The closest we get to this in real life is civil service, and conservatives mostly hate it.
Choosing an unqualified candidate over a qualified one because the former is the boss' nephew is fairly unusual. The point in the employment process where most discrimination happens these days is in choosing among various qualified candidates, when it is usually very easy to claim that candidate X is MORE qualified than candidate Y, and gee isn't it interesting that candidate X is white and male and candidate Y isn't.
The idea that a boss has the right to hire, not only a qualified applicant, but the MOST qualified applicant, needs a second look. Often the question comes up because the job qualifications aren't properly defined in the first place, so that somebody who merely meets the official standards really CAN'T do the job very well. If the job standards are properly defined, then no injustice is done in requiring the boss to hire the first qualified candidate who walks in the door, which really would cut out a lot of discrimination.

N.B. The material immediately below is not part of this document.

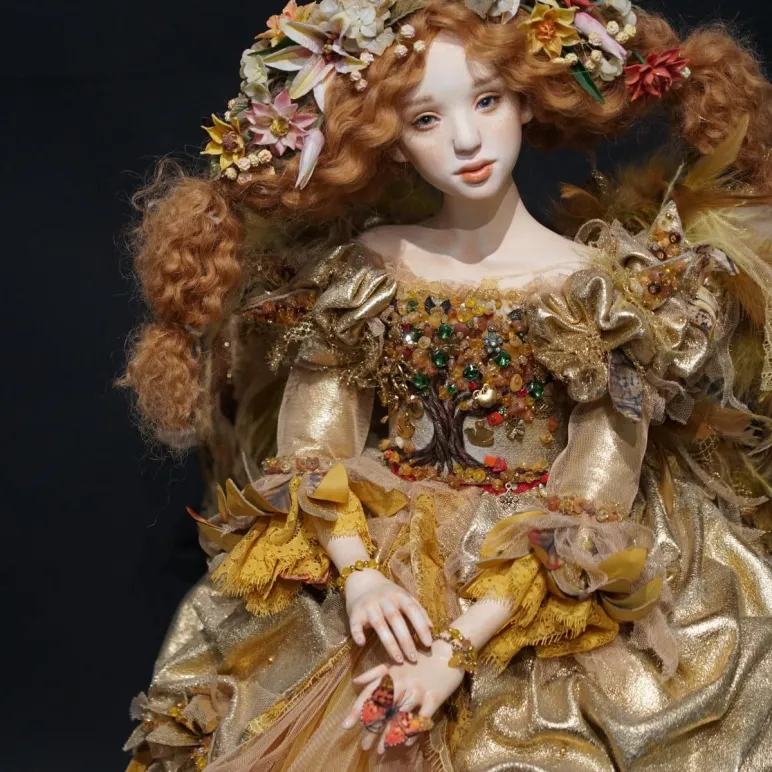 Кукла "Лаура"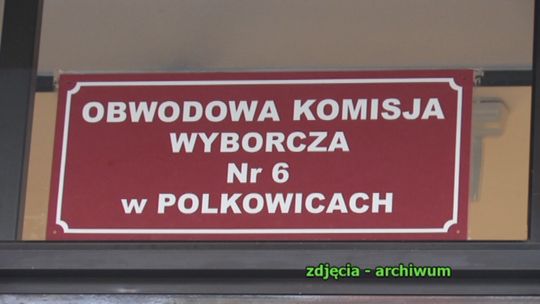 BURMISTRZ PUŹNIECKI PYTA O WYBORY - Czeka na odpopowiedź komisarza wyborczego w Legnicy.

Even libertarians don't say there are no values, do what you want. They say that the mechanisms of state power should not be harnessed to impose the values of one set of citizens on all citizens, and should in fact be used only to prevent HARM to citizens.
I'm tired of being slandered by conservatives, whose values, whatever else they may include, apparently don't cover bearing false witness.
The GOP seems to have resolved the conflict between libertarianism and cultural conservatism by offering cultural conservatism to the poor and economic libertarianism to the rich.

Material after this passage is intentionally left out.